Monday, January 31, 2011

Jorge Luis Borges: "Emma Zunz," "The Gospel According to Mark," "The Garden of Forking Paths"

Throughout the three narratives Borges delves into the concept of time; the subjectivity of it, which therefore renders it with a cyclic nature. He, also, speaks about the nature of sacrifice. In fact, throughout the three novels we get to see the protagonist kill or killed in some sacrificial manner. Finally, Borges, in keeping it “magically real,” hearkens back to the power of the mind. Primarily, the role that it plays in our ability to perceive and interpret reality.

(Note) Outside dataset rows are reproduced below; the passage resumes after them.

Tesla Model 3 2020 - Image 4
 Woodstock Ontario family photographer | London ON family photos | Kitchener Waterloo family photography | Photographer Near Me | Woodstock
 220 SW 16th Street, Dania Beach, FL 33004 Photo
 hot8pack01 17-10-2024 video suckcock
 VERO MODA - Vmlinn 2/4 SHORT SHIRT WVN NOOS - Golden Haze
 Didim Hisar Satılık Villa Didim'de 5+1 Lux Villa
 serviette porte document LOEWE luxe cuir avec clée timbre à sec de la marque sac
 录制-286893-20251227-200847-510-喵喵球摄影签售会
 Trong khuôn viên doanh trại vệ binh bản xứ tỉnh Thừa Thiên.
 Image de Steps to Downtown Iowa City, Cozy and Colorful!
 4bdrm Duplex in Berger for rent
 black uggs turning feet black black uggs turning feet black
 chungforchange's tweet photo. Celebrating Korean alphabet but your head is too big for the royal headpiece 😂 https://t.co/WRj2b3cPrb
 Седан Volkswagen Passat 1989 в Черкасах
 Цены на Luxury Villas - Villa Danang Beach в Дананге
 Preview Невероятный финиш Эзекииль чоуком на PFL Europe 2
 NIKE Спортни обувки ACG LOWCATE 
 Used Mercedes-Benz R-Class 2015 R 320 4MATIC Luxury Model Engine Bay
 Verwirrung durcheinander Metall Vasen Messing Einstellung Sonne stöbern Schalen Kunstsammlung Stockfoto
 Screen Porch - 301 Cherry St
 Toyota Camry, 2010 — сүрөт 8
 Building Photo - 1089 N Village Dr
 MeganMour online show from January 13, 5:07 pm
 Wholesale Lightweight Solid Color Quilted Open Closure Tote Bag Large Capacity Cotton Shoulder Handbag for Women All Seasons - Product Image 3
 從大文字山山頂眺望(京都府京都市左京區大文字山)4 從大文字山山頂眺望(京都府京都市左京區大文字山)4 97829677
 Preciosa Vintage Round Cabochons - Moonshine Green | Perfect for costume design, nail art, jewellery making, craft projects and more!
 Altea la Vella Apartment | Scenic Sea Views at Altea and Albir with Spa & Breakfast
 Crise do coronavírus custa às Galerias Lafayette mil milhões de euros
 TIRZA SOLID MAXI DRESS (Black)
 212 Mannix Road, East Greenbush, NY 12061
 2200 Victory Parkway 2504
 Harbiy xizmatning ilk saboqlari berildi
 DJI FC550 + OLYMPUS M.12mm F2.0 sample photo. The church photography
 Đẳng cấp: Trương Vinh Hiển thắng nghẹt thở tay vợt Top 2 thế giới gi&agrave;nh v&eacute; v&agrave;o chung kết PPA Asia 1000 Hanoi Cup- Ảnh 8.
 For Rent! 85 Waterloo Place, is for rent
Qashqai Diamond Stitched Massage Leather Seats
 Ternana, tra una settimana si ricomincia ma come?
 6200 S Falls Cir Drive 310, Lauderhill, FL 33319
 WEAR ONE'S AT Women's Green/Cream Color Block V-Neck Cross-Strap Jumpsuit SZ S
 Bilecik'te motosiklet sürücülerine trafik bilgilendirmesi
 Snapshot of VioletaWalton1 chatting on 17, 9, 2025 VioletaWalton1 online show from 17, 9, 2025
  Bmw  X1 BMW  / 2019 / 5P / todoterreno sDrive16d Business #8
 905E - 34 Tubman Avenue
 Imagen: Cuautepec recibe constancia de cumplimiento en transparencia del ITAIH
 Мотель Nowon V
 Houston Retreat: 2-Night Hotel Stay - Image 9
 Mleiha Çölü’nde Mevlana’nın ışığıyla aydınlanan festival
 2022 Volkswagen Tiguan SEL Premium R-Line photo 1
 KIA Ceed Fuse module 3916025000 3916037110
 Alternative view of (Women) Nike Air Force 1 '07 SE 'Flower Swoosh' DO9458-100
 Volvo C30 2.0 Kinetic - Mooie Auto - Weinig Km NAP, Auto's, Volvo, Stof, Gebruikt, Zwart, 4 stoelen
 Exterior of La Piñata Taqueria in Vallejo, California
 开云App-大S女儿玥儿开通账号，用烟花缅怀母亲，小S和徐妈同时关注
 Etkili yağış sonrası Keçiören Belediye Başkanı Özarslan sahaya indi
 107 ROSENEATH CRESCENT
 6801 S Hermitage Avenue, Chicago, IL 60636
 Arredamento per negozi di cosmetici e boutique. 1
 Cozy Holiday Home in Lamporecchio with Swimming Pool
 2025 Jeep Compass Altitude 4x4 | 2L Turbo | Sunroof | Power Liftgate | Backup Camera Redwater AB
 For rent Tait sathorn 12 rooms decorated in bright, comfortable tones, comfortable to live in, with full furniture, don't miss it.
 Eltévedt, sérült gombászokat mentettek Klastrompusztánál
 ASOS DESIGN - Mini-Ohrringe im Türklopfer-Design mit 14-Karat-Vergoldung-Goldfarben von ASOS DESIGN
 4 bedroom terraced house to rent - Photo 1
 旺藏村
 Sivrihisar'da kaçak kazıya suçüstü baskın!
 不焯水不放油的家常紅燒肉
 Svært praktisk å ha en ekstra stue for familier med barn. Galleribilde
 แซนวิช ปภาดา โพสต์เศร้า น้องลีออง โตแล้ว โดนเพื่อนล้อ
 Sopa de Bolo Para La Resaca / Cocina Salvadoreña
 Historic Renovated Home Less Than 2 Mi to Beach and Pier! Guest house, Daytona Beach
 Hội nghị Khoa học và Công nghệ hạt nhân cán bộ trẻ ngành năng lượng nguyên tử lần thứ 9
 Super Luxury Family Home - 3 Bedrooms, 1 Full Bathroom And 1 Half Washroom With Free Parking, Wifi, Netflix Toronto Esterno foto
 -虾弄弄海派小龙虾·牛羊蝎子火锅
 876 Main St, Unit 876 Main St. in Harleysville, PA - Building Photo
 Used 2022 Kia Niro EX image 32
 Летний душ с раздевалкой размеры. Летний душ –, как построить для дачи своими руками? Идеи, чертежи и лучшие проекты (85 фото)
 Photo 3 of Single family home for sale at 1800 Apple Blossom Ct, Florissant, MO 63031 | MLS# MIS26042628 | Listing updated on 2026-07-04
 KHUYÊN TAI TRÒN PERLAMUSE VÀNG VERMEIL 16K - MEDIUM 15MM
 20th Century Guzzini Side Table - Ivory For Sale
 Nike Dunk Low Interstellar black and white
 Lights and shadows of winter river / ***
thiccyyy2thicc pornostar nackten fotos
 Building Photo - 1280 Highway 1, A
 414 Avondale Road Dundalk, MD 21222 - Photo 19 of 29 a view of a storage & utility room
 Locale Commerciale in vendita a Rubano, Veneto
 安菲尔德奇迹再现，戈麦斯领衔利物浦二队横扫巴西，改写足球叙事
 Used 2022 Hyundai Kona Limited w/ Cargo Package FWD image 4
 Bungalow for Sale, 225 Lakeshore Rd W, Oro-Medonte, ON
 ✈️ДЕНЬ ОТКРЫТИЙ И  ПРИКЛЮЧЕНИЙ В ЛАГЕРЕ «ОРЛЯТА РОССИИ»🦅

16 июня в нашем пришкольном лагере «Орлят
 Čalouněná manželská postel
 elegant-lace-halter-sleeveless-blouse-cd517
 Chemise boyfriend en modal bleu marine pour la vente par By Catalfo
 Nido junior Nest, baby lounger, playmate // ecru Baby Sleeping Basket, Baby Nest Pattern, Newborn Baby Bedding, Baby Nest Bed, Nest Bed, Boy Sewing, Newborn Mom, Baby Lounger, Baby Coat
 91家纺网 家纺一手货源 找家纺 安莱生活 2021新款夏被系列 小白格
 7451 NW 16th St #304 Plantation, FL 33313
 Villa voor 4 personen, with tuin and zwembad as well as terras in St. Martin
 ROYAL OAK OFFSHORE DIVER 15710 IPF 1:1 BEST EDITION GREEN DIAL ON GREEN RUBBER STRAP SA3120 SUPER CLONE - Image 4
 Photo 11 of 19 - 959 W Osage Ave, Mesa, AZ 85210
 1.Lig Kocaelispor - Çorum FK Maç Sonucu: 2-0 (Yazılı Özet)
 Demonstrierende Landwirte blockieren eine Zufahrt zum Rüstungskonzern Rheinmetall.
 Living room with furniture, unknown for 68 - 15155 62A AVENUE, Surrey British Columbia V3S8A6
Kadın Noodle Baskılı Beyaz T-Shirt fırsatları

            Beginning with the idea of time, I’ll start talking about the “Garden of Forking Paths.” In the whole story, which is told in first person, we are—as readers—bestowed into the inner reaches of the protagonist’s mind. His insecurities and doubts we are privy to. It is quickly revealed that he is a “cowardly man” who engaged in the business of espionage not for the love of Germany, but for the need to vindicate “the people of [his] race, that there was no need to fear “the enumerable ancestors who merged within [him]. Furthermore, it becomes apparent that he has to get intelligence to the Nazis, and meanwhile he’s being pursued by another spy who wants to kill him. Because he is an anxious and fearful man who is “pressed for time,” he shifts through time by sifting through various decisions and actions right away. Instantaneously, he dictates in his mind the path that he will take to reach his goal, but just as soon as he resolves to execute a plan by following that path, he swiftly changes his mind and branches from that path, altering his course and therefore altering his fate.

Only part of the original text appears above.